The authors have declared no competing interest.

Funding Statement

WAR was supported by funding from Canadian Blood Services and the COVID-19 Immunity Task Force.

Author Declarations

I confirm all relevant ethical guidelines have been followed, and any necessary IRB and/or ethics committee approvals have been obtained.

Yes

The details of the IRB/oversight body that provided approval or exemption for the research described are given below:

The Faculty of Medicine and Health Sciences Research Ethics Board of McGill University gave ethical approval for this work (study number 22-03-077)

I confirm that all necessary patient/participant consent has been obtained and the appropriate institutional forms have been archived, and that any patient/participant/sample identifiers included were not known to anyone (e.g., hospital staff, patients or participants themselves) outside the research group so cannot be used to identify individuals.

Yes

I understand that all clinical trials and any other prospective interventional studies must be registered with an ICMJE-approved registry, such as ClinicalTrials.gov.
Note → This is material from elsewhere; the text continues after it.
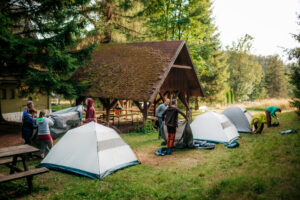Na zdjęciu osoby rokładające namioty na polu kempingowym obok wiaty leśnej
I confirm that any such study reported in the manuscript has been registered and the trial registration ID is provided (note: if posting a prospective study registered retrospectively, please provide a statement in the trial ID field explaining why the study was not registered in advance).

Yes

I have followed all appropriate research reporting guidelines, such as any relevant EQUATOR Network research reporting checklist(s) and other pertinent material, if applicable.

Yes

Data Availability

The authors are not authorized to share individual-level data from any study. Processes are available for researchers to request access to datasets for studies that have undergone institutional ethical approval. Data from Canadian Blood Services and Alberta Precision Laboratories may be made available upon request, subject to internal review, privacy legislation, data sharing agreements, and research ethics approval. The CCAHS-1 study by Statistics Canada can be analyzed for approved projects at Research Data Centres located across Canada (https://www.statcan.gc.ca/en/microdata/data-centres/access). Data are available from the Canadian Longitudinal Study on Aging (www.clsa-elcv.ca) for researchers who meet the criteria for access to de-identified CLSA data. Access to the Ab-C study data can be requested through the COVID-19 Immunity Task Force Databank (https://portal.citf.mcgill.ca/). Access to the CanPath data can be requested through the CanPath data portal (https://portal.canpath.ca/). Analytical code will be available in a public repository upon publication.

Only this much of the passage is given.